In the Quora post asking about the original iPhone, Lambert claims that he wrote 6% of the MacOS Kernel as measured by lines of code, or about 100,000 lines a year, much of which was repurposed for the iOS kernel.
Calling the original effort "Project Purple," Lambert said that he was brought in "late in the game" and mostly for debugging purposes. The engineer discussed not even seeing the product he was working on initially.
"I got taken into areas where there were black cloths everywhere," said Lambert. "I only got to see the machine doing the remote debugging, not the target —but it was obviously an ARM based system."
Lambert confirmed the suspicion that Apple uses multiple names for the same project, probably as an effort to suss out leakers.
"Another thing that Apple does is they give different code names to different groups," recalled Lambert. "In other words you may be working on the same project as someone else, and not actually know it. Or be allowed to discuss it."

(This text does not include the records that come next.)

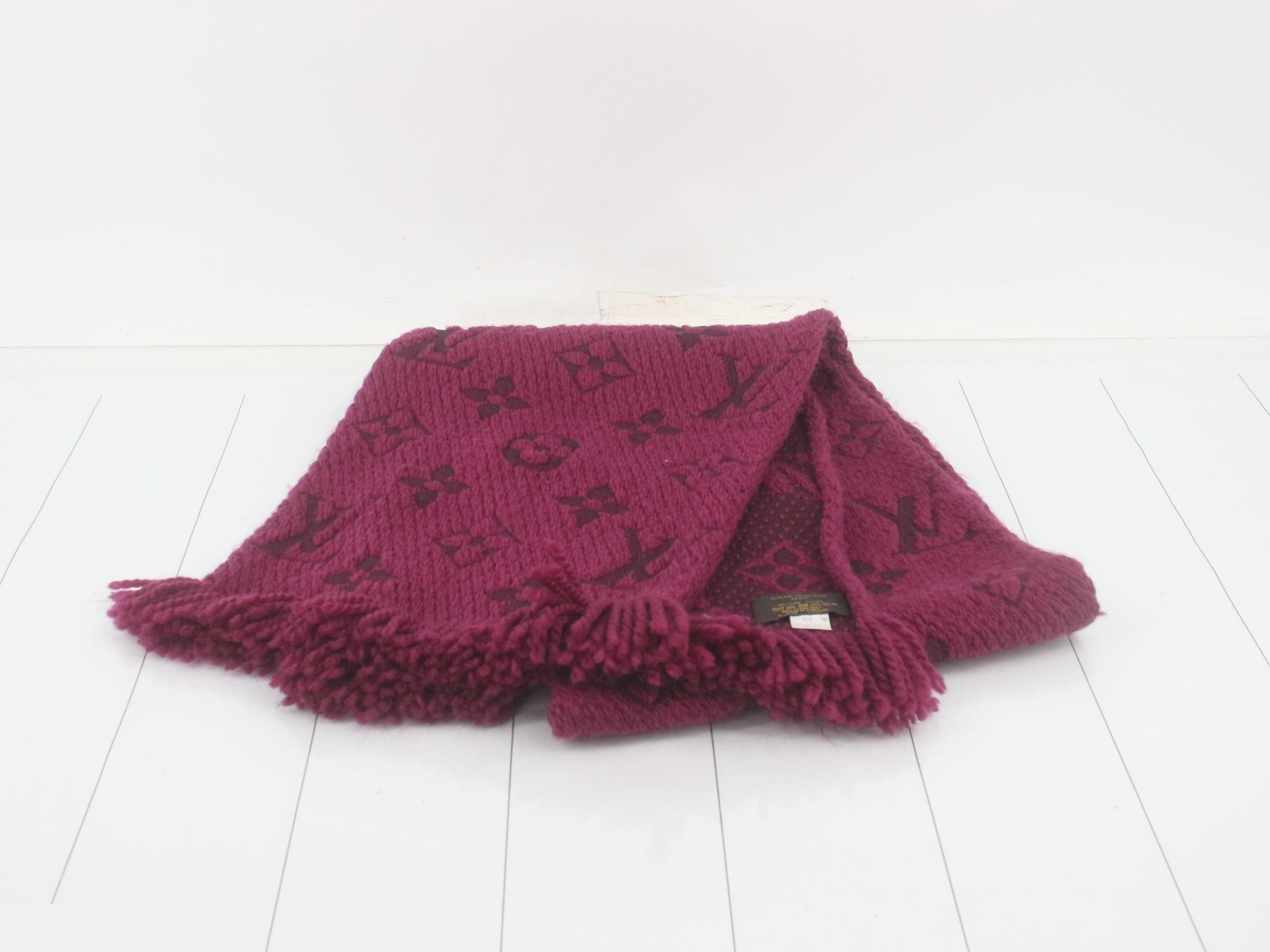 Echarlegg Logo Mania, with tag, wool/silk, Bordeaux. — view 2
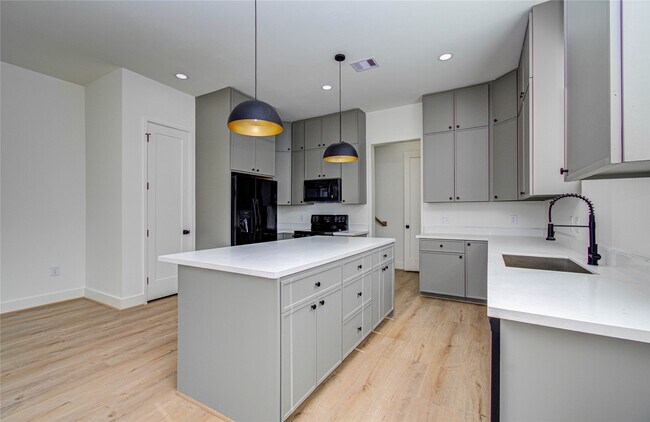 Building Photo - 1506 McKee St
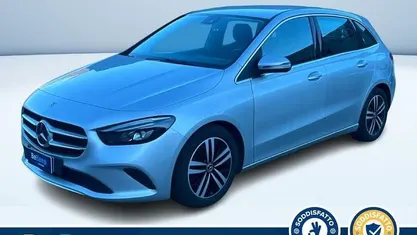 Usata Mercedes B180 116 CV (85 kW) 2022 Argento metallizzato Monovolume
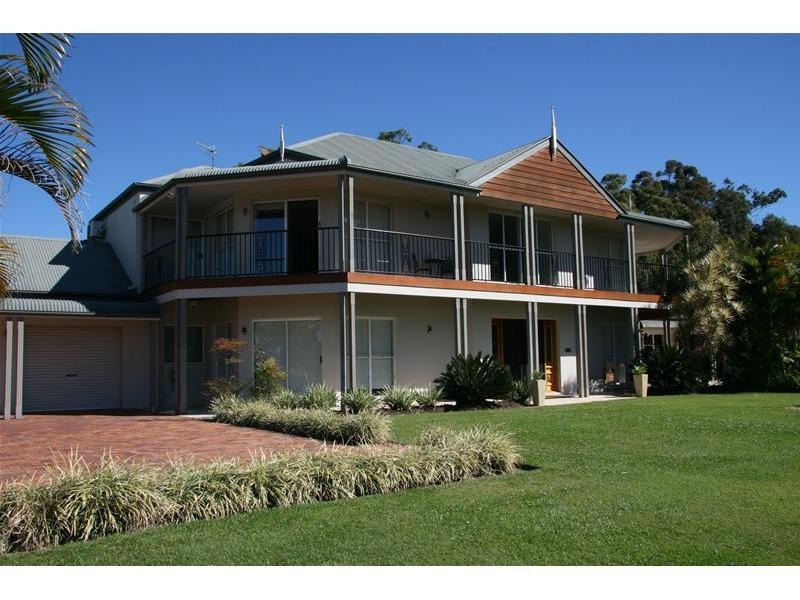 22 Brackenfield Court, Bonogin QLD 4213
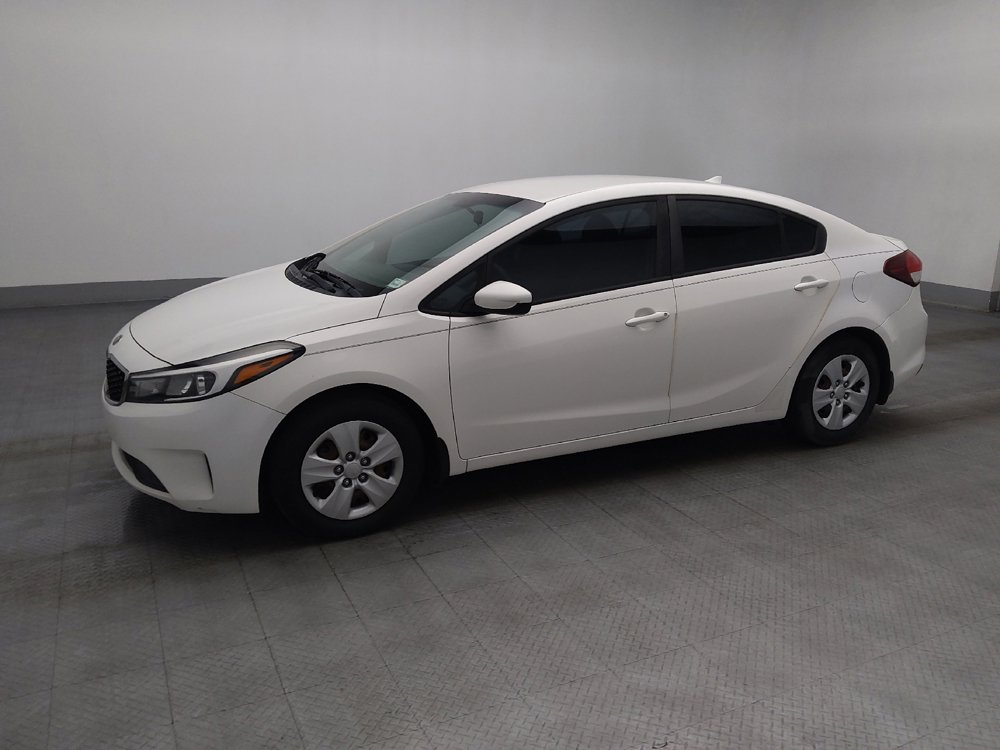 Used 2017 Kia Forte LX FWD image 2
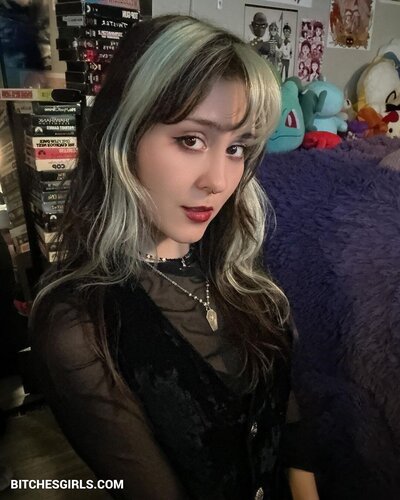 241978528582540327623533362235184885474 thumbnail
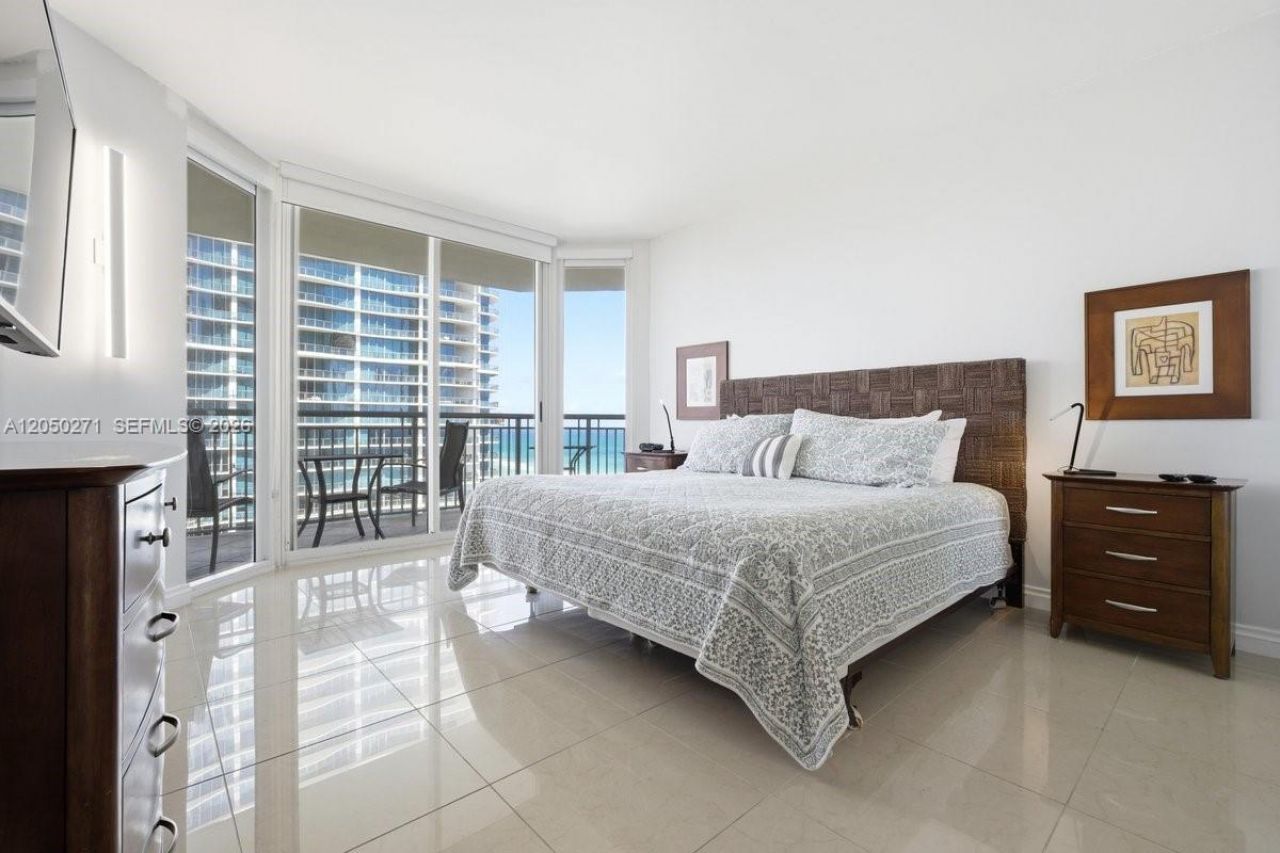 17375 Collins Ave , Unit 1506, Sunny Isles Beach, FL 33160 Photo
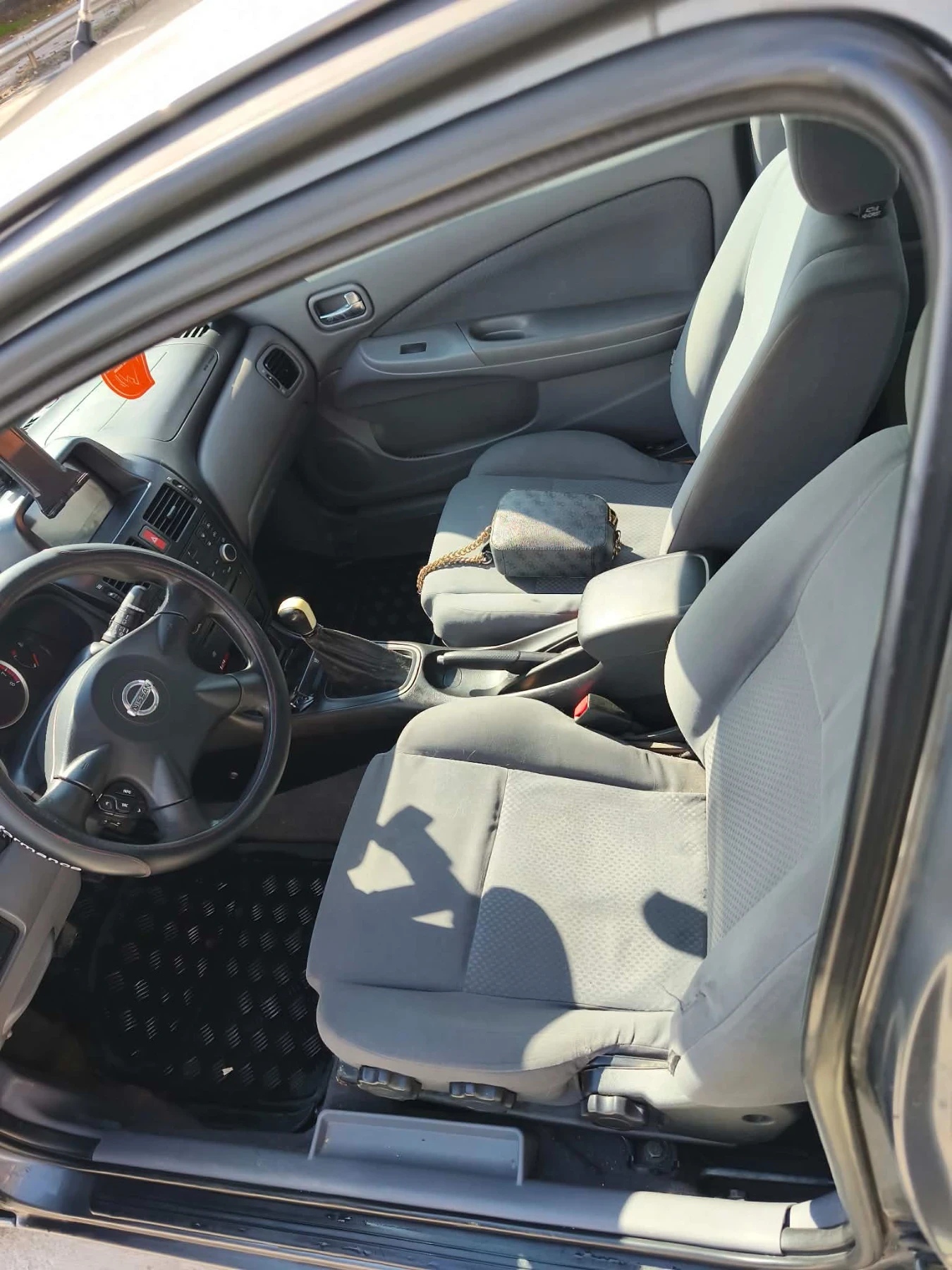 Nissan Almera | Mobile.bg � ����������� 8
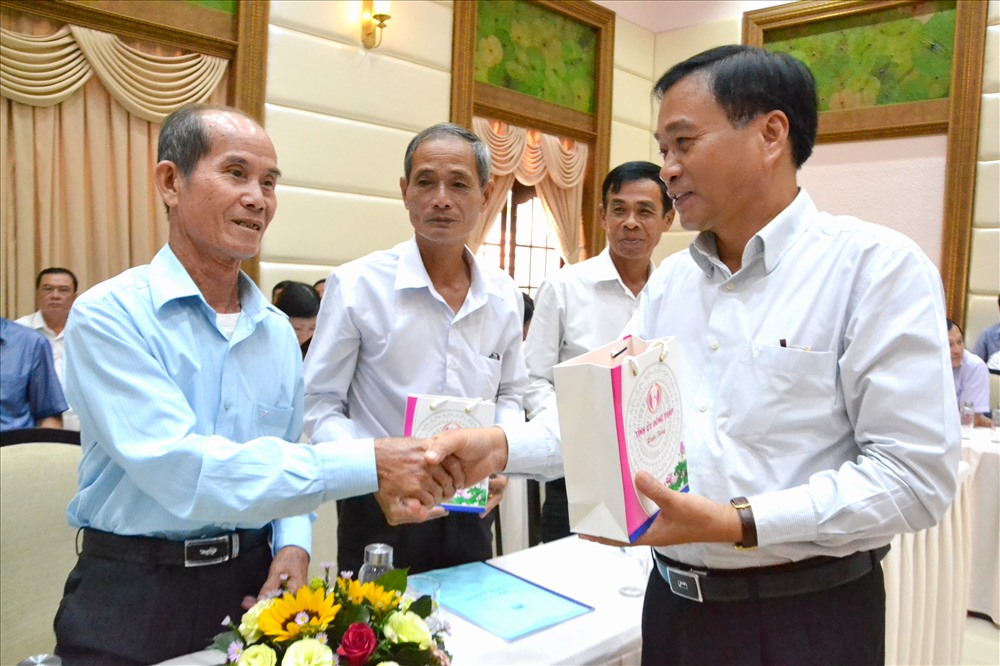 Chủ tịch UBND tỉnh Đồng Tháp Nguyễn Văn Dương (bìa phải) xuống tận nơi tặng điện thoại thông minh cho đại diện các Hội quán. Ảnh: Lục Tùng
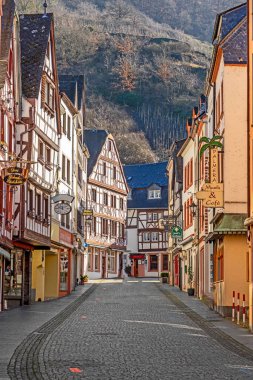 Bernkastel-Kues, Almanya - 21 Şubat 2021: Bernkastel-Kues 'in merkez alışveriş milindeki yarım keresteli evler, insanlar olmadan Corona, Almanya.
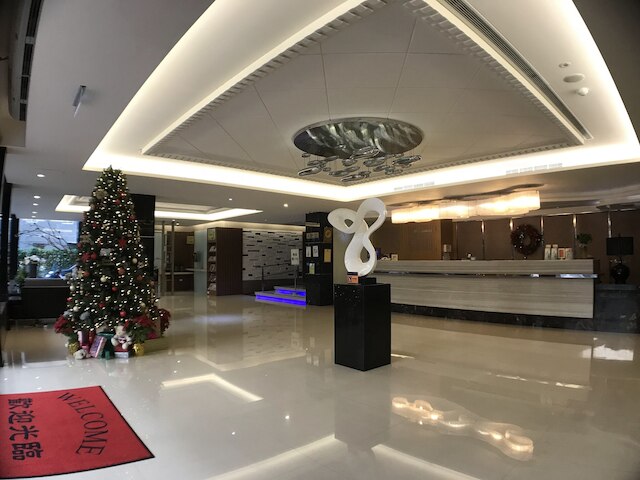 パリ ビジネス ホテル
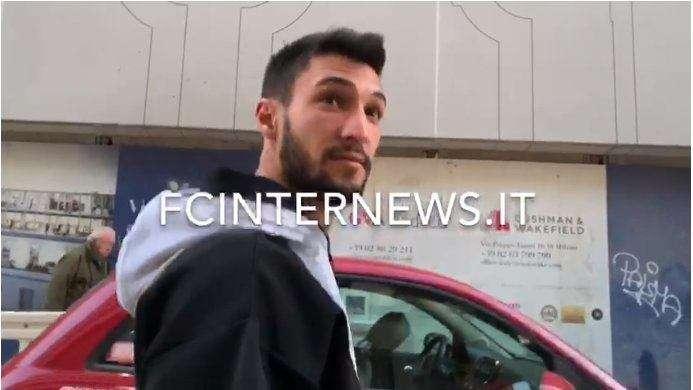 VIDEO - Roma o Napoli? No comment di Politano sotto gli uffici dell'agente Davide Lippi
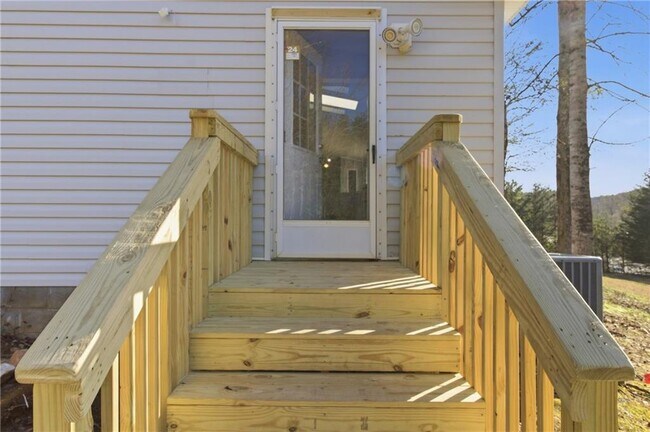 Foto del edificio - 5320 Long Branch Rd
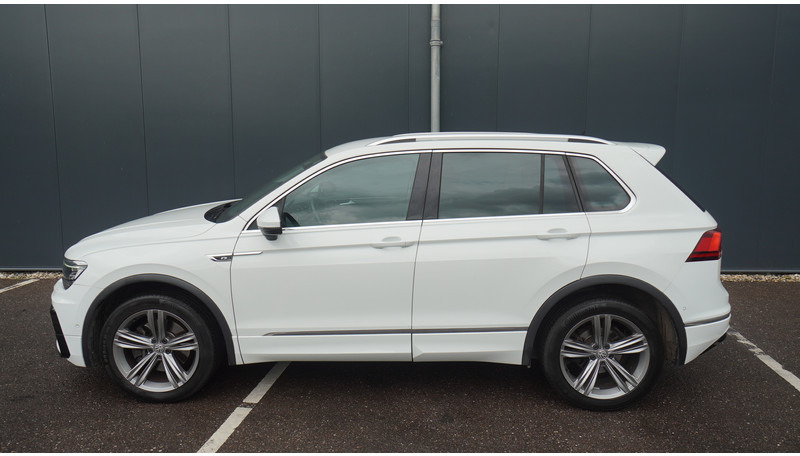 Volkswagen Tiguan 2.0 TDI R LINE 4MOTION - Minibüs, Minivan: fotoğraf 1 Volkswagen Tiguan 2.0 TDI R LINE 4MOTION - Minibüs, Minivan: fotoğraf 1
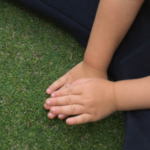 Manos de un niño pequeño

Apple CEO Steve Jobs famously had tiers of access to the building that the iPhone was being developed in. In a form of compartmentalized security, engineers working on the least secret aspects of the program were limited to just that aspect, with workers involved on the core of the hardware, including the material design, had many tiers of security to pass thorough.
"You may have access to the regular lab, but not the 'secret lab,'" said Lambert. "You didn't really get to see the form factor, because when you are doing the initial work, it's all prototypes on plexiglass."
Lambert worked for IBM for several years in the '90s before joining Apple in 2003. The coder left Apple in Oct. 2010 to spend about two years at Google.